Metricbeat, an Elastic Beat based on the libbeat framework from Elastic, is a lightweight shipper that you can install on your servers to periodically collect metrics from the operating system and from services running on the server. Everything from CPU to memory, Redis to NGINX, etc… Metricbeat takes the metrics and statistics that it collects and ships them to the output that you specify, such as Elasticsearch or Logstash.
In this post, we will cover some of the main use cases Metricbeat supports and we will examine various Metricbeat configuration use cases.
Metricbeat Installation
Metricbeat installation instructions can be found on the Elastic website.
Metricbeat Configuration
To configure Metricbeat, edit the configuration file. The default configuration file is called metricbeat.yml. The location of the file varies by platform. For rpm and deb, you’ll find the configuration file at this location /etc/metricbeat. There’s also a full example configuration file at /etc/metricbeat/metricbeat.reference.yml that shows all non-deprecated options.
The Metricbeat configuration file uses YAML for its syntax as it’s easier to read and write than other common data formats like XML or JSON. The syntax includes dictionaries, an unordered collection of name/value pairs, and also supports lists, numbers, strings, and many other data types.
All members of the same list or dictionary must have the same indentation level. Lists and dictionaries can also be represented in abbreviated form, which is somewhat similar to JSON using {} for dictionaries and [] for lists. For more info on the config file format.
The Metricbeat configuration file consists, mainly, of the following sections. More information on how to configure Metricbeat can be found here.
- The Modules configuration section can help with the collection of metrics from various systems.
- The Processors section is used to configure processing across data exported by Metricbeat (optional). You can define a processor globally at the top-level in the configuration or under a specific module so the processor is applied to the data collected for that module.
- The Output section determines the output destination of the processed data.
There are other sections you may include in your YAML such as a Kibana endpoint, internal queue, etc. You may view them and their different options at the configuring Metricbeat link. Each of the sections has different options and there are numerous module types, processors, different outputs to use, etc…
In this post, I will go over the main sections you may use and focus on giving examples that worked for us here at Coralogix.
Modules
The Modules section defines the Metricbeat input, the metrics that will be collected by Metricbeat, each module contains one or multiple metric sets. There are various module types you may use with Metricbeat, you can configure modules in the modules.d directory (recommended), or in the Metricbeat configuration file. In my examples, I’ll configure the module in the Metricbeat configuration file. Here is an example of the System module.

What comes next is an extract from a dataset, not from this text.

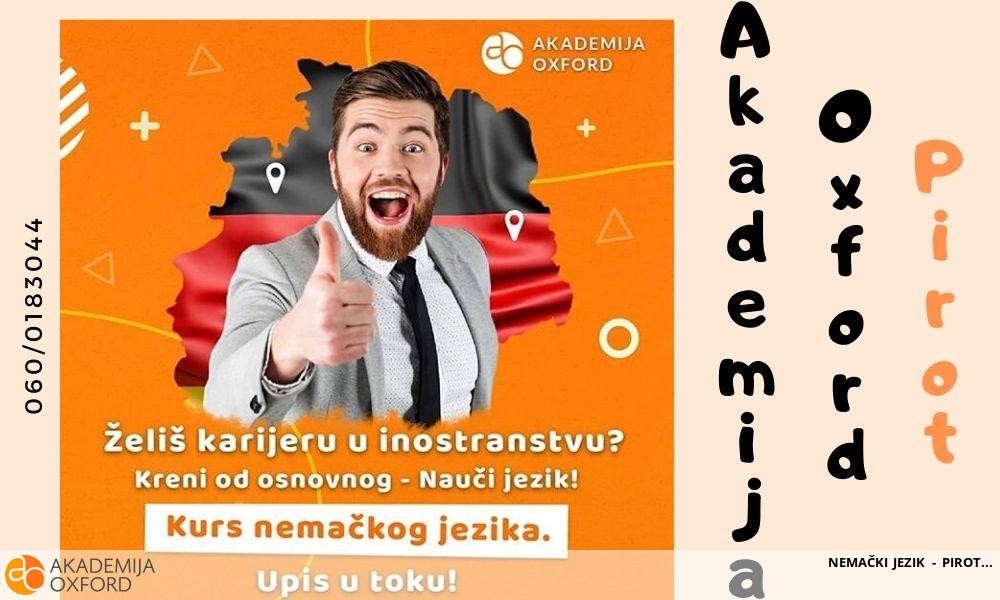 NEMAČKI JEZIK - PIROT NEMAČKI JEZIK - PIROT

For more info on configuring modules and module types.
#============================= Metricbeat Modules =============================
metricbeat.modules:
- module: system
metricsets:
- cpu # CPU usage
- load # CPU load averages
- memory # Memory usage
- network # Network IO
#- core # Per CPU core usage
#- diskio # Disk IO
#- filesystem # File system usage for each mountpoint
#- fsstat # File system summary metrics
#- raid # Raid
#- socket # Sockets and connection info (linux only)
#- service # systemd service information
enabled: true
period: 10s
There are some more options to this module type as you can observe in the full example config file. These are all the available metric sets with the system module type, the enable parameter is optional, by default if not specified it is set to true and the period parameter is setting how often the metric sets are executed. This setting is required for all module types. You may include multiple module types, all in the same YAML configuration. If you are working with Coralogix and wish to send your metrics to your Coralogix account you will have to include the fields parameter with our required fields, this is beside the fact you need to choose our Logstash endpoint in your config output, we will see a similar example later.
Processors
You can use Processors in order to process events before they are sent to the configured output. The libbeat library provides processors for reducing the number of exported fields, performing additional processing and decoding, etc… Each processor receives an event, applies a defined action to the event, and returns the event. If you define a list of processors, they are executed in the order they are defined in the configuration file. This is an example of several processors configured. For more information on filtering and enhancing your data.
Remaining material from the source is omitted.